Tasks remain in the current scope → return to Phase 1.
Scoped invocation (scope was passed by executing-plans): all scoped tasks ACCEPTED → signal batch complete and return to executing-plans. Do NOT hand to commit-gate; the caller owns that decision.
Full-plan invocation (no scope, i.e. /sprint): plan complete → hand the branch to commit-gate, then to the caller's finishing step. The loop does not commit on its own authority.

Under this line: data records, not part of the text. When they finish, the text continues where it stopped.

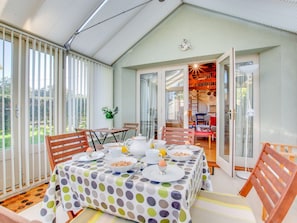 Balcony - Traditional Holiday Home in Briston With Garden (Melton Constable)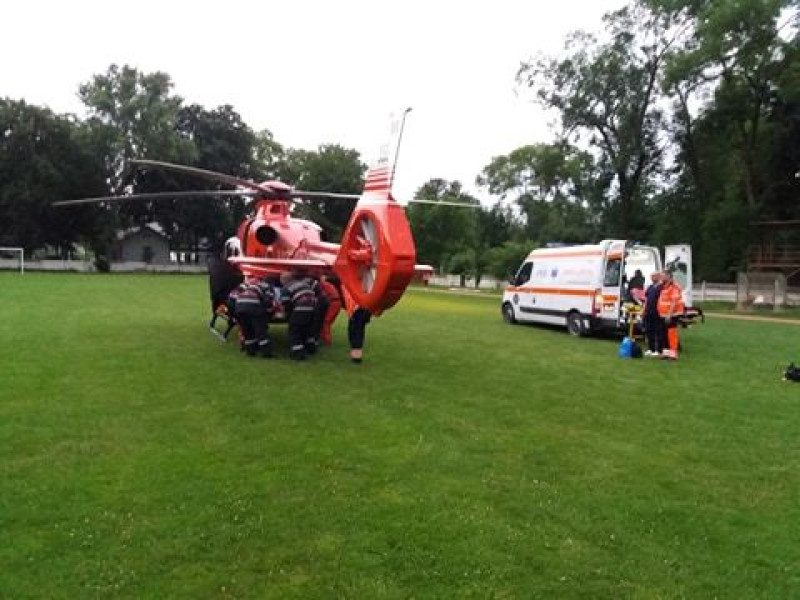 Elicopterul SMURD intervine pentru salvarea unui șofer rănit grav la Dorohoi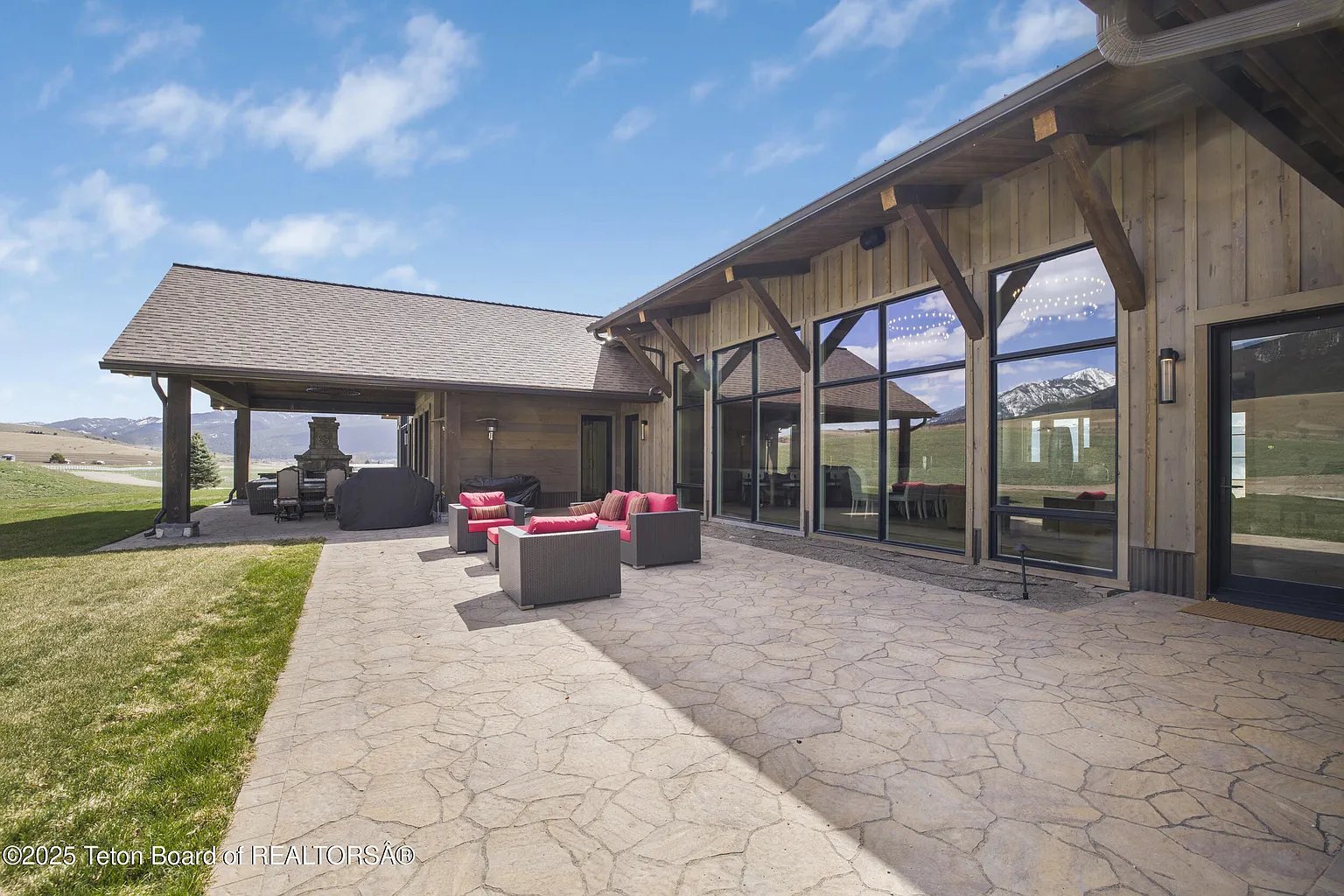 2399 Chapel Rd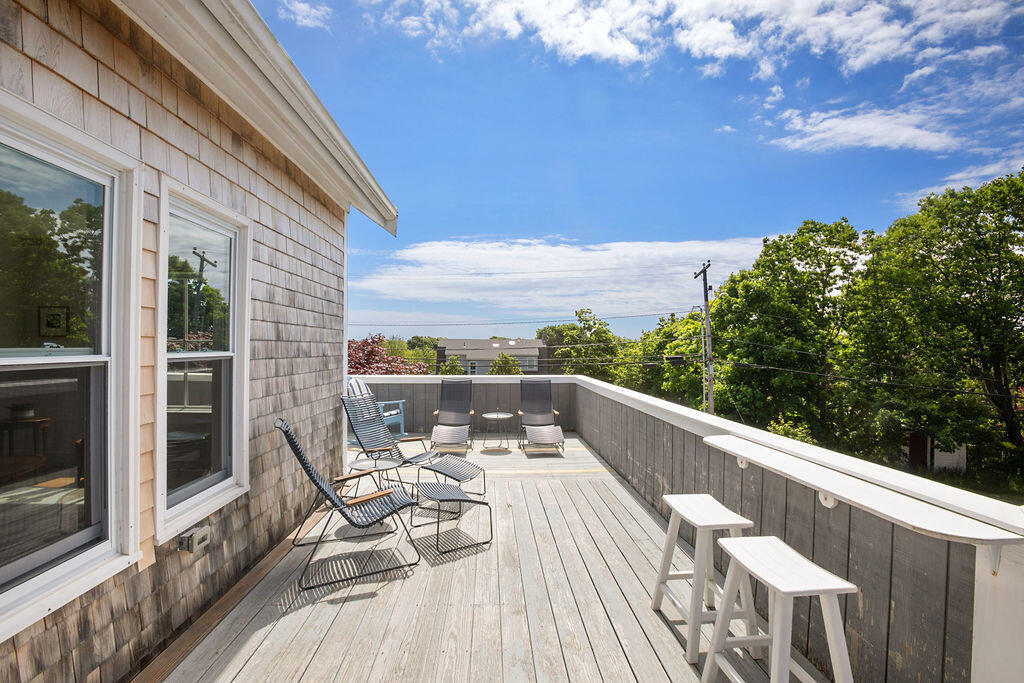 20 Lester B. Orcutt Boulevard, 4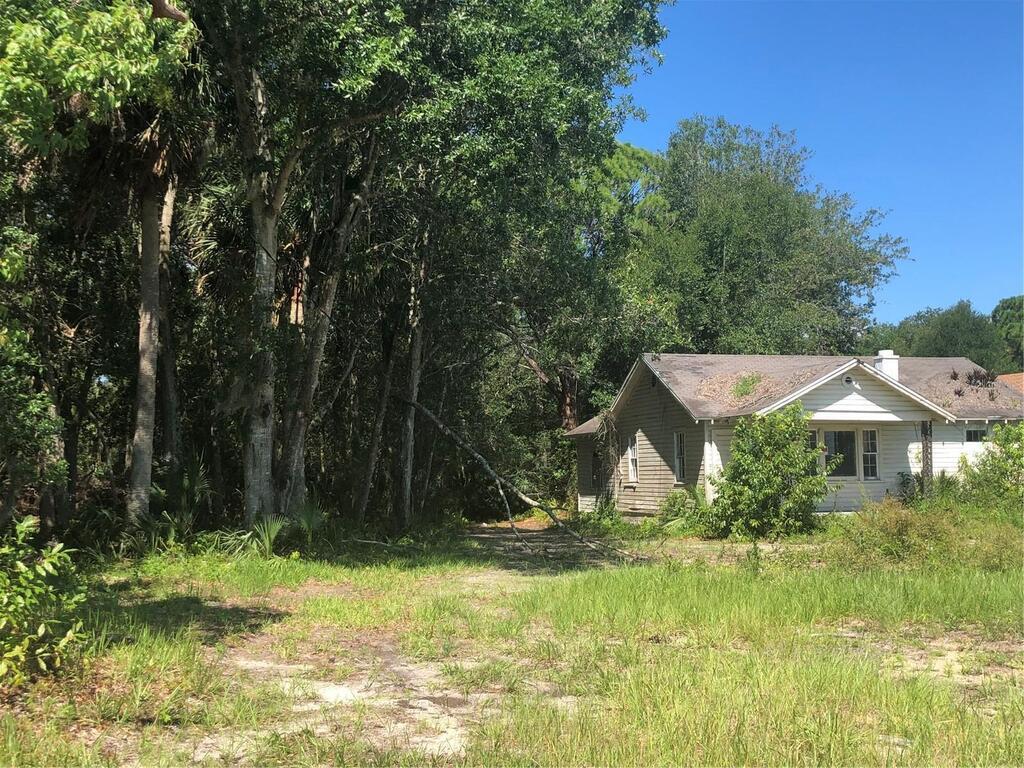 2794 S Ridgewood Avenue, Edgewater, FL 32141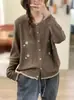 Jaqueta Cardigan de Tricô Solta Versátil Casual com Gola Redonda Bordado Floral Vintage Novo Outono 2026 para Mulheres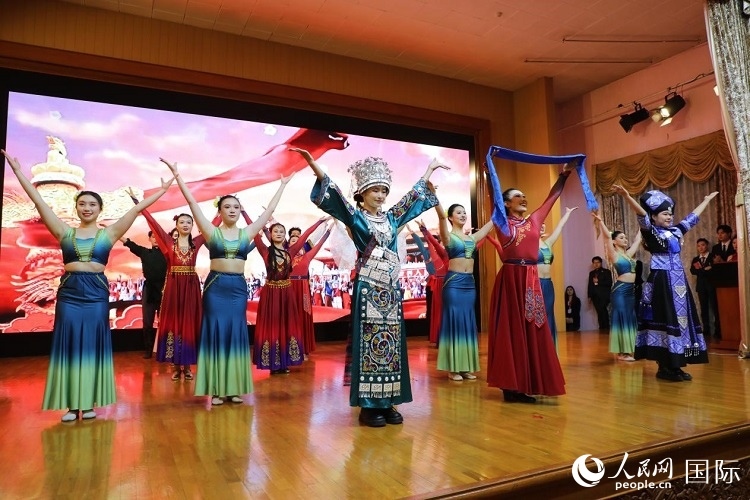 留俄學(xué)生進行民族舞表演。人民網(wǎng)記者 隋鑫攝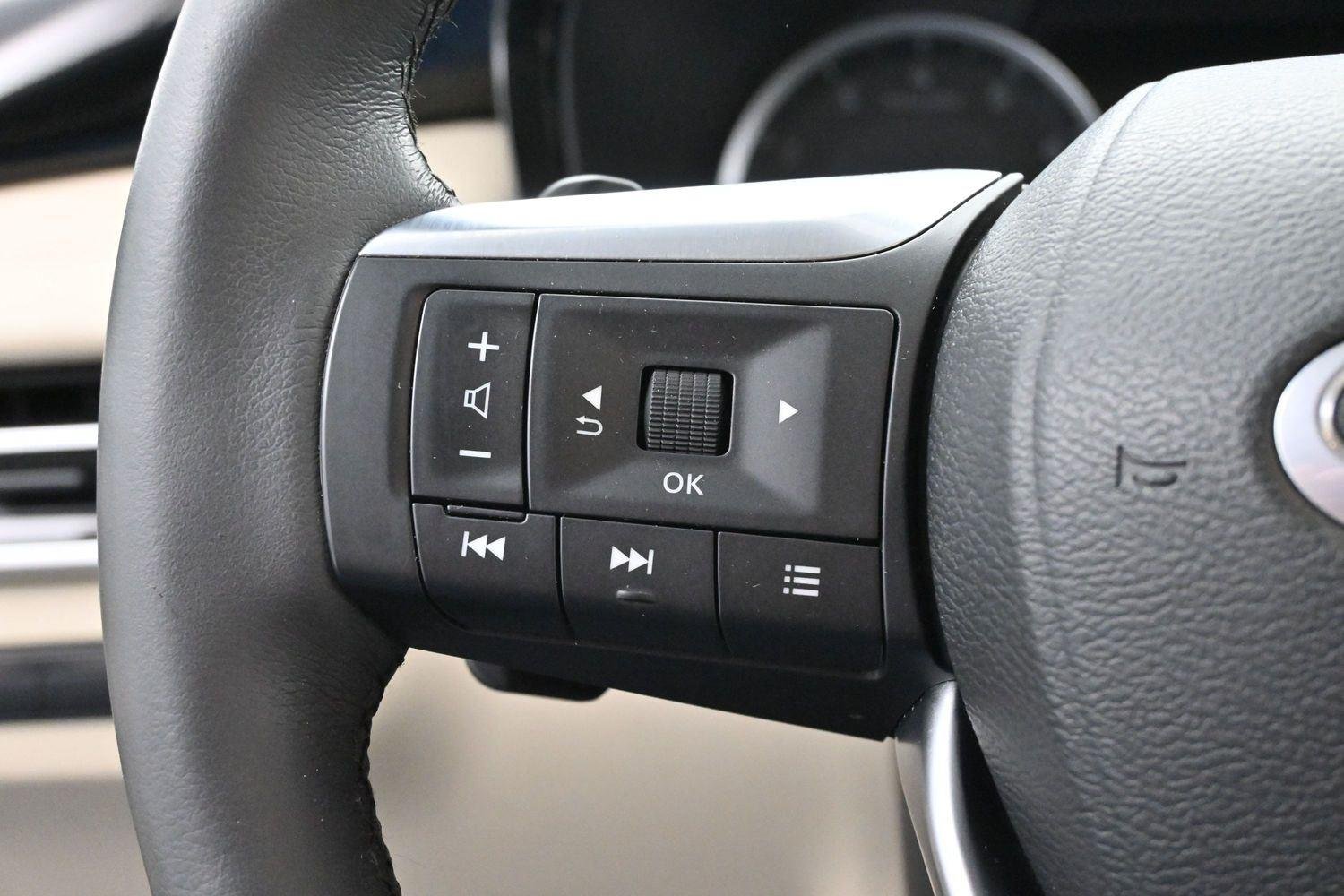 Used 2023 Mineral Black INFINITI PURE image 19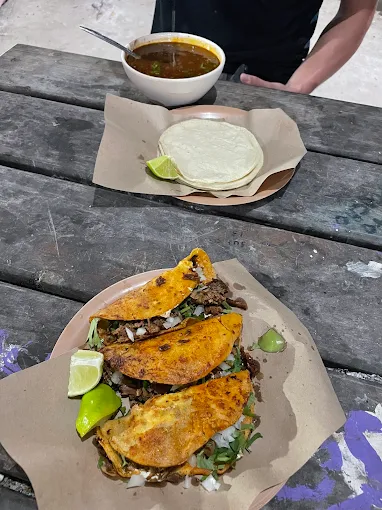 The 9 Best Restaurants in Holbox Mexico: My Top Food Spots on the Island 2025
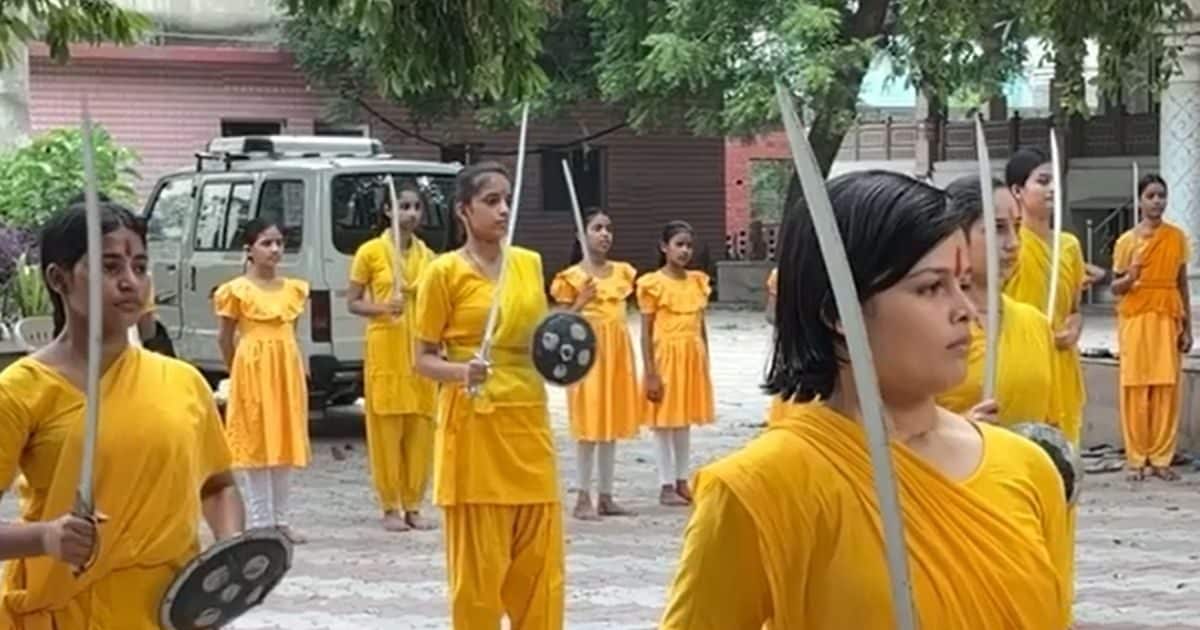 हाथों में तलवार और माथे पर तिलक… पाकिस्तान को मुंहतोड़ जवाब देने को तैयार वेद कन्याएं 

Gate: every task in the current scope ACCEPTED, the suite green, ready for the caller's next step.

Hard rules

MUST dispatch a fresh subagent per task — never reuse one context across tasks.
MUST NOT write implementation code before the task's tdd Phase 1 completes.
MUST accept a task only when both reviews pass AND verification passes on a fresh run.
MUST NOT accept a task on a subagent's self-report — run the verification command and read its exit code.
MUST halt and surface to the user on a tdd BLOCK, a security CRITICAL finding, or an unresolved [CONFIRM-NN] inside the loop — and on a commit-gate failure at the finish handoff — even under /sprint. These never auto-proceed.
MUST NOT commit — hand the accepted branch to commit-gate.
MUST mark out-of-scope findings with an inline [NEEDS-TRIAGE] marker and never act on them inside the task.
MUST NOT invoke farm.js before writing meta.model into plan.json (or setting FARM_MODEL) — the dispatcher fails loudly otherwise.
MUST NOT skip model selection (Step 1) when FARM_MODEL is not set — exhaust the canary→cache→websearch fallback ladder before BLOCKing; never blind-invoke with an unknown model id.
MUST route every green farm task through Phases 3–5 before acceptance — the farm replaces authoring, never review. A cheap model gets the same scrutiny as a premium subagent, not less.
MUST treat a single task's drift/gaming/tampered-test escalation as model incapacity (re-dispatch via premium Phase 2); raise [CONFIRM-NN] and HALT only when multiple tasks drift onto the same out-of-scope path (a real spec gap).
MUST treat a farm.js circuit-breaker abort (aborted: true) as a hard-gate STOP — surface to the user; do not silently re-dispatch the whole slice to premium.
MUST NOT dispatch grader or scout in Phase 4 — they are INTERNAL to decision-variance.